== Action item ==
Lines outside the range are not wanted. Give again exactly the lines between the line holding "Women's Farmer's Market" and the line holding "Image of King", inclusive, from the listing below.

++++ Input ++++

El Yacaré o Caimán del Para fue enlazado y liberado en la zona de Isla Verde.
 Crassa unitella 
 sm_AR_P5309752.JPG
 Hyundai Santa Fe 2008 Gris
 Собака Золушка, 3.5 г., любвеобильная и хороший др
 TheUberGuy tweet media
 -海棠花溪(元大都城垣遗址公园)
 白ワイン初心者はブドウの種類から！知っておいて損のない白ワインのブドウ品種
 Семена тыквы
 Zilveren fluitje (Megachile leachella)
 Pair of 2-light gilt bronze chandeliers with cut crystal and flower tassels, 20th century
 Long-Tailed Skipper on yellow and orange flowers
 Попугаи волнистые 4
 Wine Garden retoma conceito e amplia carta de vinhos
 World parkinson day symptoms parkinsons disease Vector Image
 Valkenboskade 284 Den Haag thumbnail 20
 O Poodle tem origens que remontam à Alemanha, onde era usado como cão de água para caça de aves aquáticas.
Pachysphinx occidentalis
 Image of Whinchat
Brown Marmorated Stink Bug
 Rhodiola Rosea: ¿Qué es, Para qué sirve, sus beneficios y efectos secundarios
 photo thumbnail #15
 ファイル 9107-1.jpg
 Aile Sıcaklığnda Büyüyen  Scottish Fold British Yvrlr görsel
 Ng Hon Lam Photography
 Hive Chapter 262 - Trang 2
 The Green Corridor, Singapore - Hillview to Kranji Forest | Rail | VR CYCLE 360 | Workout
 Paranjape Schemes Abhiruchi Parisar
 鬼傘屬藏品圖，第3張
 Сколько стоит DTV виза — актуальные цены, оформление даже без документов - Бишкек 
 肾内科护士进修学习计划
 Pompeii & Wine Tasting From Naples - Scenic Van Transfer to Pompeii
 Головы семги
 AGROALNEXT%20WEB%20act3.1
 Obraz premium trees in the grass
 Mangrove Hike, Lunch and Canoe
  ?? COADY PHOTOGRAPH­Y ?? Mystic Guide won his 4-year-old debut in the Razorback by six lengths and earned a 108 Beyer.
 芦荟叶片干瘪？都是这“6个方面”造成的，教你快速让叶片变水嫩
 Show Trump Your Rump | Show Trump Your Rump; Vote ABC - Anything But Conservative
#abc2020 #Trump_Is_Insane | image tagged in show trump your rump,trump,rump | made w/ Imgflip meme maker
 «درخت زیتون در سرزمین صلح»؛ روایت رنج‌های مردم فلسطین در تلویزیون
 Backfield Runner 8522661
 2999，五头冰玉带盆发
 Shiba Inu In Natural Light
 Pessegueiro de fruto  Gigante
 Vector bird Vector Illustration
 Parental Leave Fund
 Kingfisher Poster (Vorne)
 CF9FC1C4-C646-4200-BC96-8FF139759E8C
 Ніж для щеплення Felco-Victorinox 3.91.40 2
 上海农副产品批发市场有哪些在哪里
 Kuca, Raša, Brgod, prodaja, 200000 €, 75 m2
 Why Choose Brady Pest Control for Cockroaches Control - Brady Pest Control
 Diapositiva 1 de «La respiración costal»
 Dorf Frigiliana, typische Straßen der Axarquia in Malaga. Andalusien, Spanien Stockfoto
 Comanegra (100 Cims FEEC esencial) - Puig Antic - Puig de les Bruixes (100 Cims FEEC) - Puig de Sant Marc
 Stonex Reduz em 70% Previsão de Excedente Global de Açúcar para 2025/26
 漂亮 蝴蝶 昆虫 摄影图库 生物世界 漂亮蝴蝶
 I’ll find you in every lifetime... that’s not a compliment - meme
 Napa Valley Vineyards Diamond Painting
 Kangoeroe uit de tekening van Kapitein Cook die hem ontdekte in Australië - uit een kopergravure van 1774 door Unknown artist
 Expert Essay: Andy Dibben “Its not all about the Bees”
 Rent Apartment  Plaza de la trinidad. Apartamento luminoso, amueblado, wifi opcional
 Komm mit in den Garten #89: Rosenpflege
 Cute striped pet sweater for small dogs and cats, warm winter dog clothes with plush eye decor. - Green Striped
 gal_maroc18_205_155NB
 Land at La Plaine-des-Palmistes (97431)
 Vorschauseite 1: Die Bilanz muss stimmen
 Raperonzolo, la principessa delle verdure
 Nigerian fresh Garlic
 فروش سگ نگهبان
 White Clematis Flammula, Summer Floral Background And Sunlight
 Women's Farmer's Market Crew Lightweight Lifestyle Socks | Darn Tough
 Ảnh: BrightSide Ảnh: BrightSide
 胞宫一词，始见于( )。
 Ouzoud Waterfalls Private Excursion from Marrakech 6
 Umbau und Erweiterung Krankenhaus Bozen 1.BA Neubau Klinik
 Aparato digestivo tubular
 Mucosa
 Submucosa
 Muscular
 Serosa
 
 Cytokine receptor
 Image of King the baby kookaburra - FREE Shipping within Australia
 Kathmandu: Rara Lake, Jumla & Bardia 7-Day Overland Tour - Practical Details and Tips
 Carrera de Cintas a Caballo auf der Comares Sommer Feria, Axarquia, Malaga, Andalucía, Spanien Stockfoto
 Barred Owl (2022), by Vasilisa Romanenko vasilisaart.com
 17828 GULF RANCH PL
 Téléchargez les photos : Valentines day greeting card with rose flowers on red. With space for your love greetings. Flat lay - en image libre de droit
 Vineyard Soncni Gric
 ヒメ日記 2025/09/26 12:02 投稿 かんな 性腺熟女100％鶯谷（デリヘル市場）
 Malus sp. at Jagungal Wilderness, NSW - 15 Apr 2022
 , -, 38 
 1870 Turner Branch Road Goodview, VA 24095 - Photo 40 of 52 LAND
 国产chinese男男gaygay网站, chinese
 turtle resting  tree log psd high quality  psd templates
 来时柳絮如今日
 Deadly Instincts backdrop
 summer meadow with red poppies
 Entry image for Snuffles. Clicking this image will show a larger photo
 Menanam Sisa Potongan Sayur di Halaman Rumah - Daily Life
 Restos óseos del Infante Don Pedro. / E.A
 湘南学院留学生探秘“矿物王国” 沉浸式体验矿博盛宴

++++

== Solution ==
 Women's Farmer's Market Crew Lightweight Lifestyle Socks | Darn Tough
 Ảnh: BrightSide Ảnh: BrightSide
 胞宫一词，始见于( )。
 Ouzoud Waterfalls Private Excursion from Marrakech 6
 Umbau und Erweiterung Krankenhaus Bozen 1.BA Neubau Klinik
 Aparato digestivo tubular
 Mucosa
 Submucosa
 Muscular
 Serosa
 
 Cytokine receptor
 Image of King the baby kookaburra - FREE Shipping within Australia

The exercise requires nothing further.